Empirical research on End-to-End FCOS
Inspired by the YOLOv10, I recently make the empirical research on FCOS to evaluate the End-to-End detection paradigm.
Experiments
Incredibly, the FPS of the three FCOS are almost the same!
| Model |
Sclae |
FPSFP32 RTX 4060
| APval 0.5:0.95
| APval 0.5
| Weight |
Logs |
| FCOS_RT_R18_3x |
512,736 |
56 |
35.8 |
53.3 |
ckpt |
log |
| FCOS_RT_R18_3x (O2O) |
512,736 |
56 |
30.9 |
48.8 |
ckpt |
log |
| FCOS_E2E_R18_3x |
512,736 |
56 |
34.1 |
50.6 |
ckpt |
log |
For FCOS_RT_R18_3x, we only use one-to-many assinger to train FCOS-RT-R18-3x and evaluate it with NMS.
For FCOS_RT_R18_3x (O2O), we only use one-to-one assinger to train FCOS-RT-R18-3x and evaluate it without NMS.
For FCOS_E2E_R18_3x, we deploy two parallel detection head, one using one-to-many assinger (o2m head) and the other using one-to-one assinger (o2o head).
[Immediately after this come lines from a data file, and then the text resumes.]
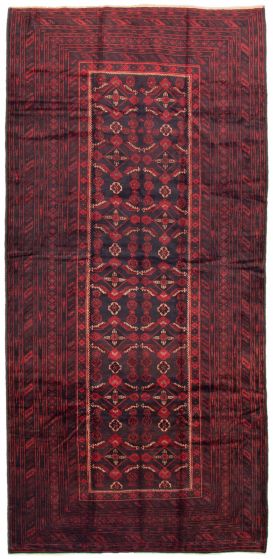 Afghan Teimani 5'11" x 12'10" Hand-knotted Wool Rug 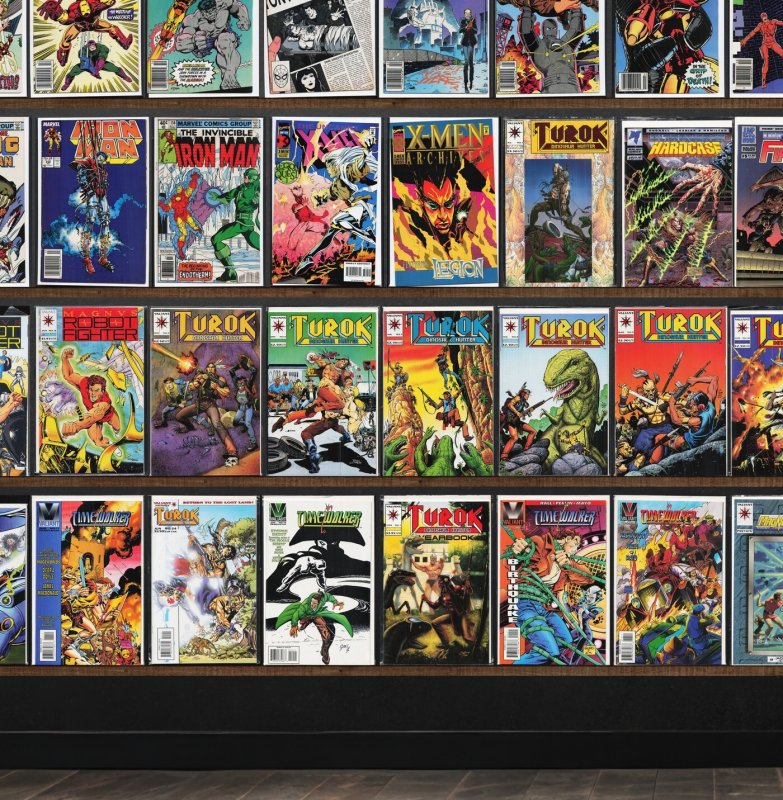 Huge Lot 150+ Comics with Magnus Robot Fighter, Turok, Dinosaur Hunter & More!
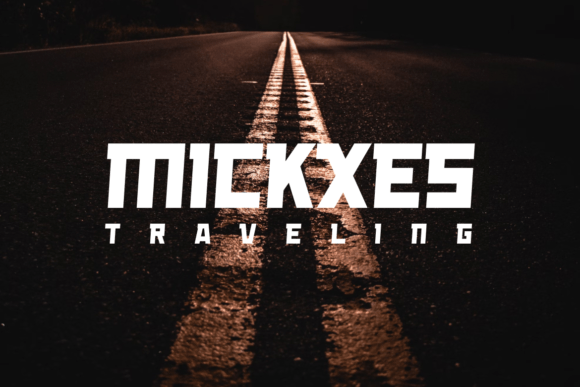 Mickxes Font PNG with transparent background - Preview 1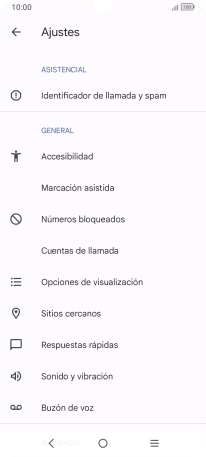 Pulsa Cuentas de llamada.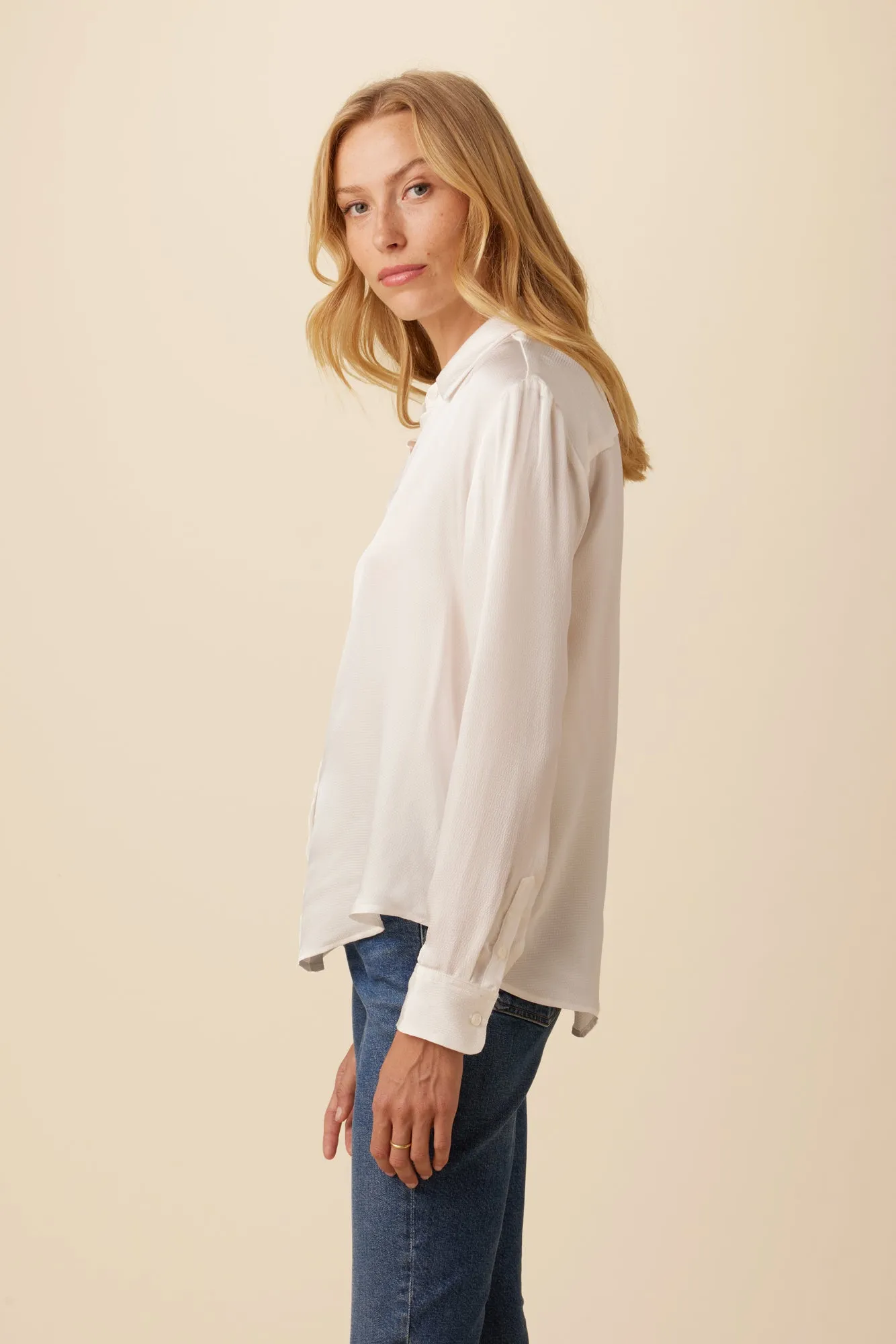 Bixby Eco Textured Viscose Blouse - White sold by Amour Vert product image thumbnail 2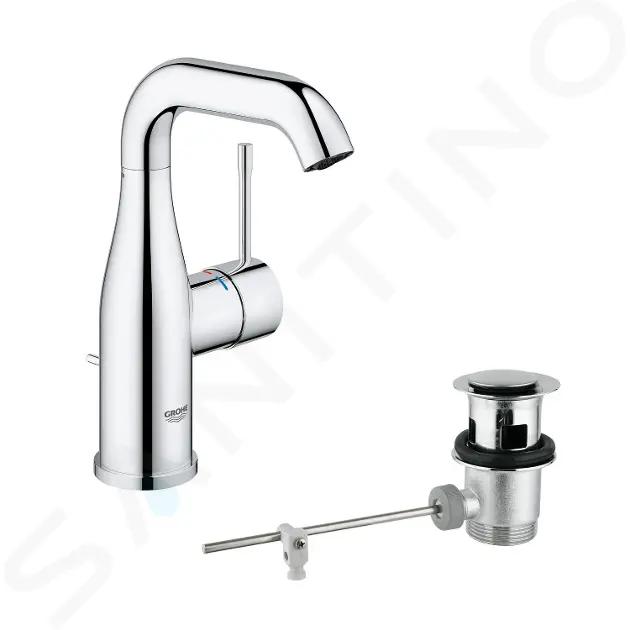 Grohe Essence Umývadlová batéria s výpustom, chróm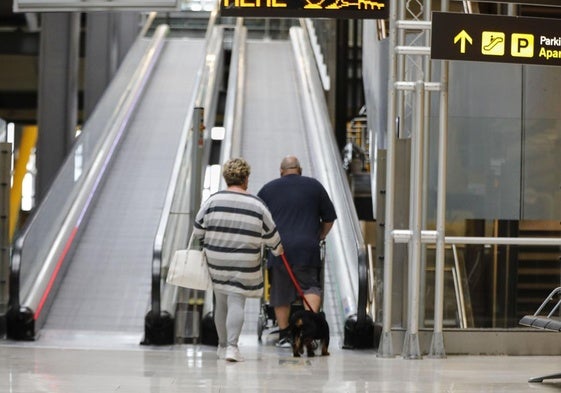 Aeropuerto de Madrid-Barajas.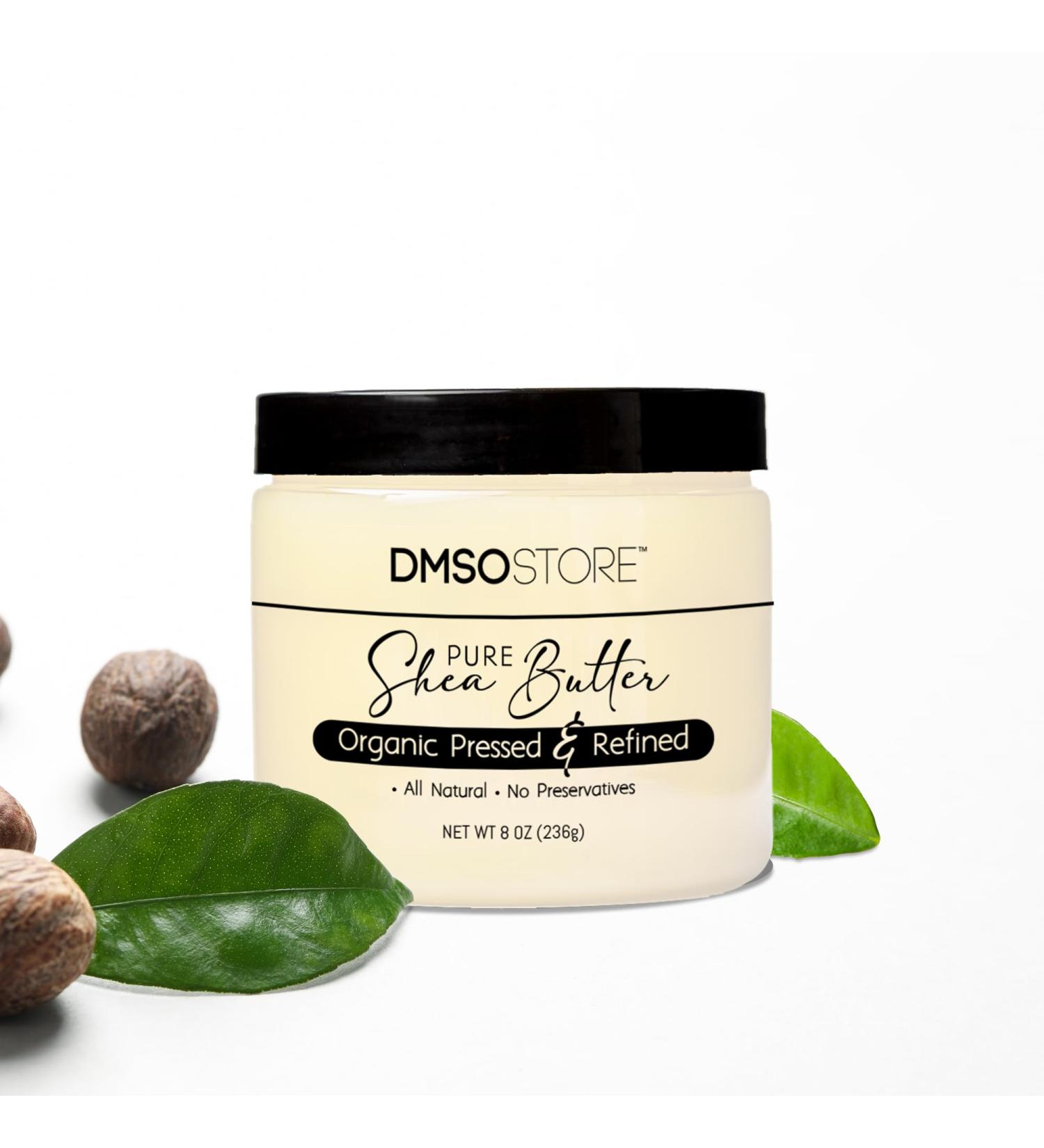 DMSOSTORE Refined Shea Butter Unscented 8 oz 100% Pure African Shea Butter for Hair & Dry Skin Deep Moisturizer for Face & Body DIY Whipped Body Butter Soap & Lip Balm - Buy Online on GoSupps.com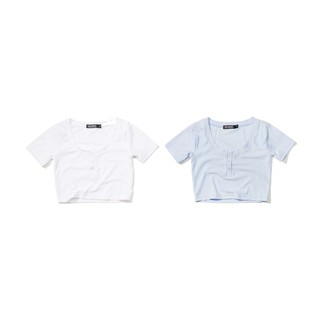 Áo croptop cổ tròn BLMDE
To avoid conflicts between the gradients returned by o2o head and o2m head, we truncate the gradients returned from o2o head to the backbone and neck, and only allow the gradients returned from o2m head to update the backbone and neck. This operation is consistent with the practice of YOLOv10. For evaluation, we remove the o2m head and only use o2o head without NMS.